Maintaining the New Equivalent

IT is always good to make a practical experiment, so I advise you to take a single problem in your life — something you want to get rid of or something you want to obtain — and change your thought about this thing, and keep it changed. Do not be in a hurry to select your problem; take your time.

Do not tell anyone you are doing this. If you tell a friend about it you are thereby strongly affirming the existence of the problem, which is the very thing you are trying to get rid of. If you tell your friend that you are going to work on your rheumatism or on lack, you are making these things very real to your subconscious mind. Also your spiritual energy is leaking away, as electricity does in what we call a "ground."

Take your problem and change your mind concerning it, and keep it changed for a month, and you will be astonished at the results you will get.

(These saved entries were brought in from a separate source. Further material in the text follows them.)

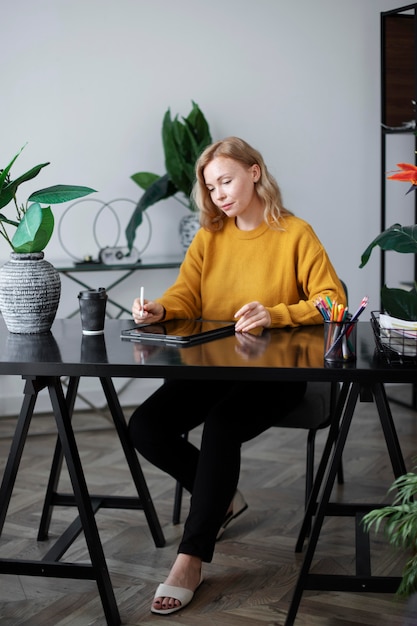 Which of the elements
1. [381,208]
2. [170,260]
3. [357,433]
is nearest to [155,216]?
[170,260]

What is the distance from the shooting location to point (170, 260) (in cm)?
426

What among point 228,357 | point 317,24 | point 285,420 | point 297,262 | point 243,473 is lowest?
point 243,473

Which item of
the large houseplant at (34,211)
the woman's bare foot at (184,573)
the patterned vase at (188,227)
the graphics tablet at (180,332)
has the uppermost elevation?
the large houseplant at (34,211)

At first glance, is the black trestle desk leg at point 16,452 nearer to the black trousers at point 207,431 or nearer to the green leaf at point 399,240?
the black trousers at point 207,431

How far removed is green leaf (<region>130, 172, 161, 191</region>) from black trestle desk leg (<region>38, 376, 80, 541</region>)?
178cm

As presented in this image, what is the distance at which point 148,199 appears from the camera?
4.09 metres

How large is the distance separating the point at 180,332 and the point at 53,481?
2.58 ft

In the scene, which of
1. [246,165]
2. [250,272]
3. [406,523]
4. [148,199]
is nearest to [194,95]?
[148,199]

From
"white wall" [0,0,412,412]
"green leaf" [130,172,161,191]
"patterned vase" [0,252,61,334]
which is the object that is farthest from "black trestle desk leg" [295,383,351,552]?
"white wall" [0,0,412,412]

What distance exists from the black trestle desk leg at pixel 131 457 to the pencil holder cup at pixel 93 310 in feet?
0.71

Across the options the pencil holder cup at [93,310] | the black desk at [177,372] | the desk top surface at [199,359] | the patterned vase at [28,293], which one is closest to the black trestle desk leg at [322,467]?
the black desk at [177,372]

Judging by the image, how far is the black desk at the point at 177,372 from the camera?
1.87m

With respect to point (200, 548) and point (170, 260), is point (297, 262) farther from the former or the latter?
point (170, 260)

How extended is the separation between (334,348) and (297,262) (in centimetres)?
77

If you really do keep your thought changed you will not have to wait a month. If you really change your thought and keep it changed, the demonstration may come in a few hours. But to keep tensely looking for the demonstration is really affirming the existence of the problem, is it not? The secret is to keep your thought changed into the new condition. So keep your tbought carefully, quietly expressive of the new condition that you want to produce. Believe what you are thinking, and to prove that you believe it you must act the part.

By changing your mind about your problem in this way and keeping it changed, you are building a new mental equivalent, a mental equivalent of harmony and success, and that mental equivalent, as we know, must be outpictured in your experience.

For a while you will find that your thought will keep slipping back into the old rut. Such is the force of habit. But if you are quietly persistent you will gain the victory. It is always a little difficult to change a habit, but it can be done, and then the new right habit becomes easier than the old wrong habit, and that is how a new mental equivalent is built.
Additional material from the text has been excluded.